Serverless AI at the Edge: Run Any Open-Weight Model Globally With Cloudflare Workers AI
Chris Harper
3 min read
Jul 5, 2026 · 12:04 UTC
TL;DR: Cloudflare Workers AI puts 70+ open models on Cloudflare's global edge network — 10,000 free Neurons per day, one env.AI.run() call from a Worker, zero GPUs to manage.

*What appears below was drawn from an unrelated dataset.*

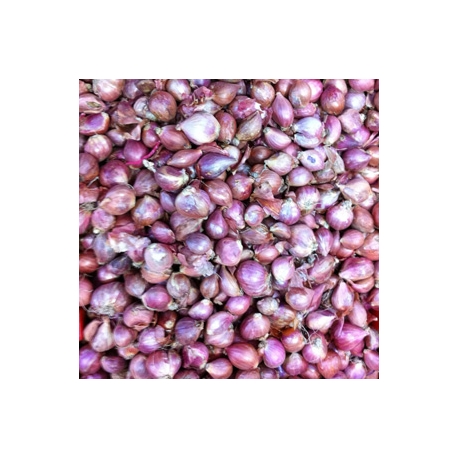 Shallots Small Onions 500g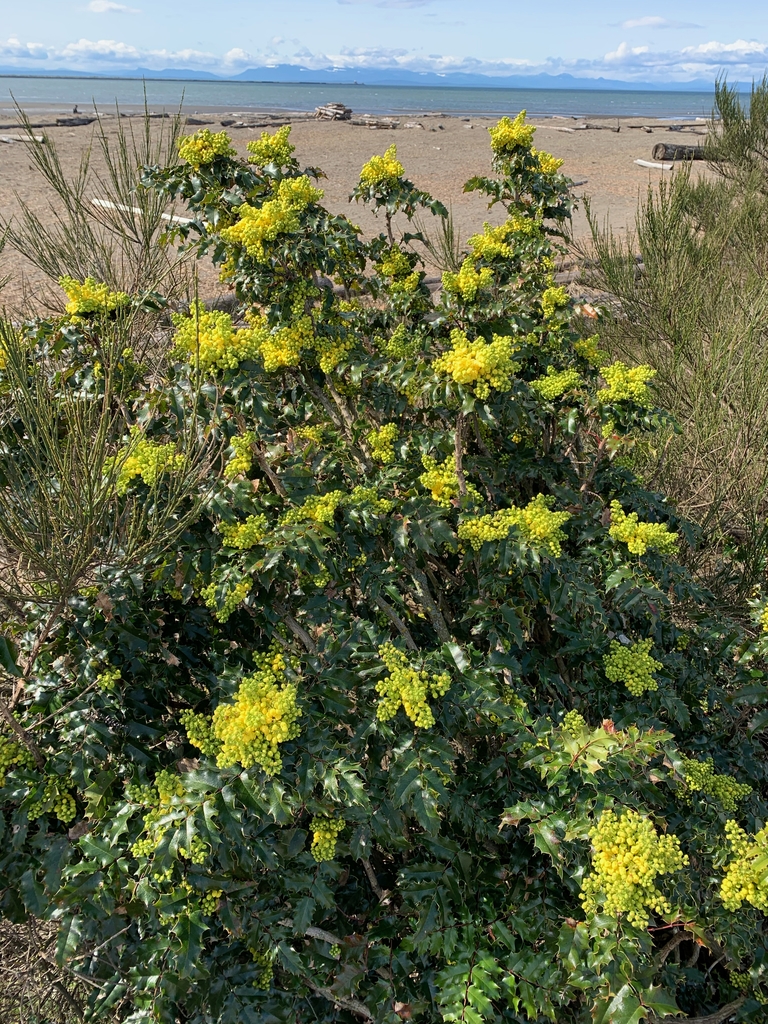 Shrub with yellow flowers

What you'll be able to do after this:
- Wire AI inference into a Cloudflare Worker with one binding — no external API keys inside the Worker
- Swap between 70+ models (Llama 3, Mistral, Gemma, Flux, Whisper, and more) by changing one string
- Stay within the free tier (10,000 Neurons/day ≈ hundreds of chat turns) for development and small-scale production
Why Workers AI is different from the other run & serve options
You've seen Ollama (local), vLLM (your GPU), OpenRouter/Fireworks/Together (hosted, single-region). Workers AI is the edge-native option: Cloudflare runs GPUs across ~300 cities, and your Worker runs close to each user globally. You don't rent a GPU — you call a binding. No cold-start spin-up, no idle charges.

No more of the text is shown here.